- Work required:
Leave out the pictures and repeat exactly the lines from the one containing "Russische kerk keramisch" through the end of the records.

- Source data:
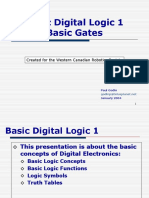 Basic Digital Logic 1 Basic Gates: Created For The Western Canadian Robotics Society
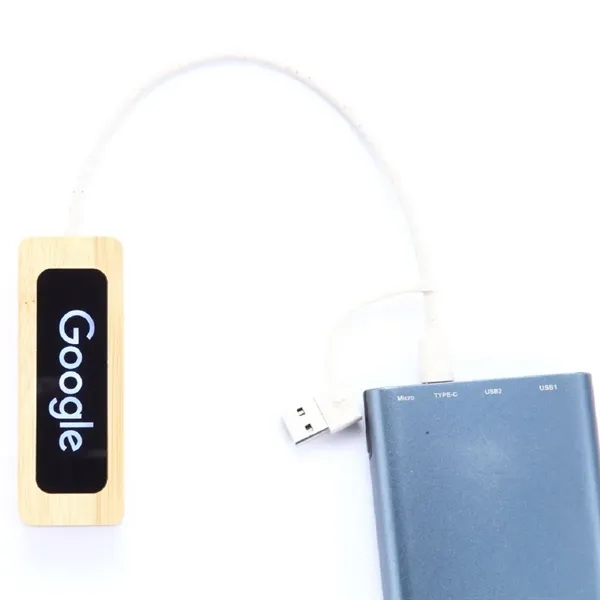 Eco USB Hub with Bamboo and Wheat Straw Housing - Eco USB Hub with Bamboo and Wheat Straw Housing - Image 2 of 3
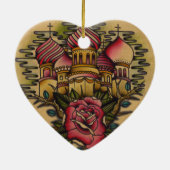 Russische kerk keramisch ornament (Achterkant)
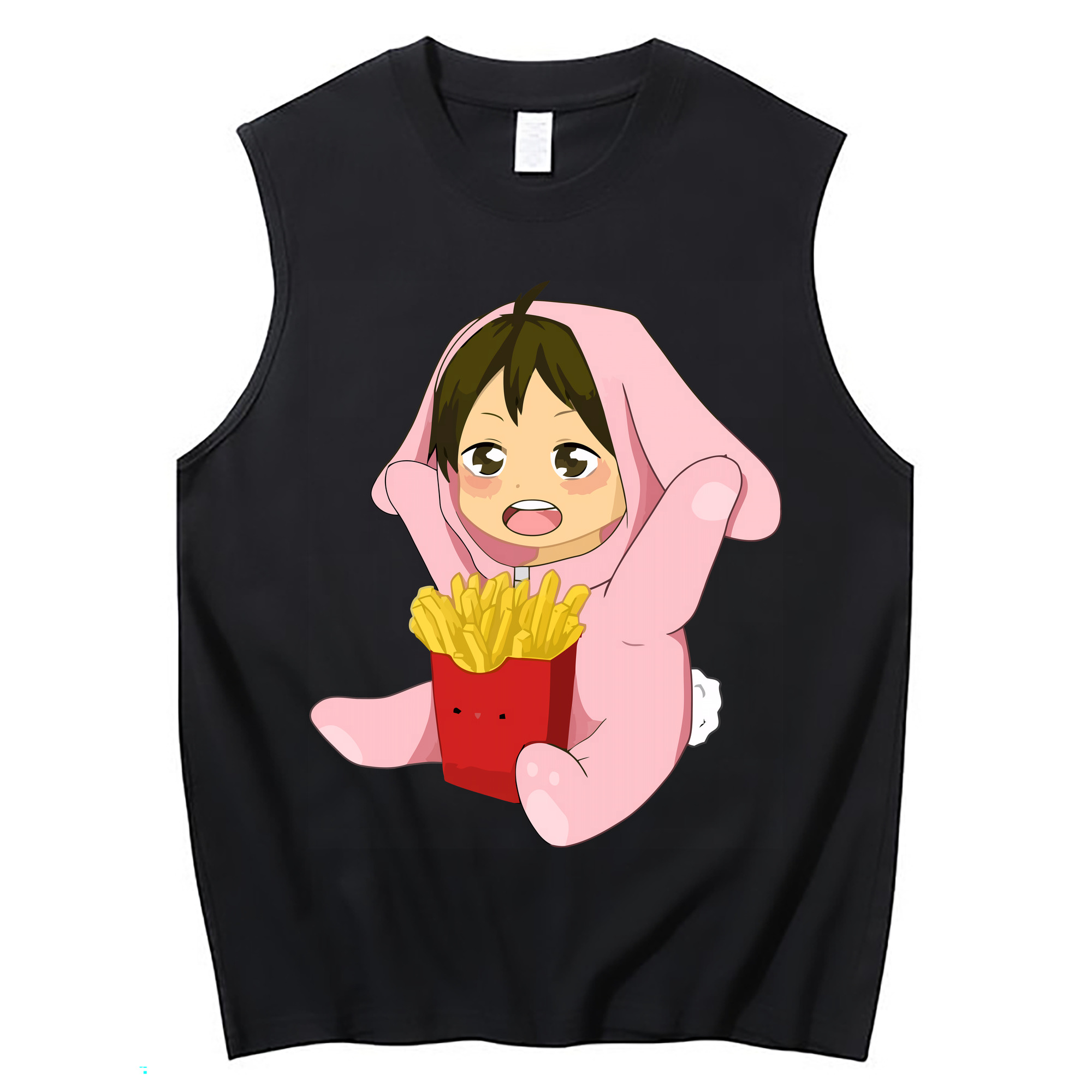 （画像用） ハイキュー!! Haikyu!! コットン100％タンクトップ（フロントプリント）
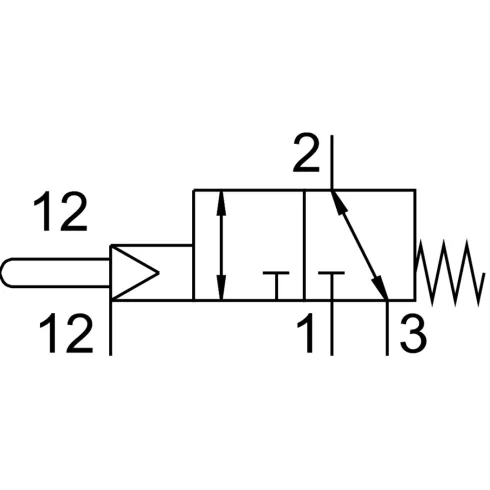Нажимной распределитель Festo VMEF-STCZ-M32-M-G14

- Result of this task:
 Russische kerk keramisch ornament (Achterkant)
 （画像用） ハイキュー!! Haikyu!! コットン100％タンクトップ（フロントプリント）
Нажимной распределитель Festo VMEF-STCZ-M32-M-G14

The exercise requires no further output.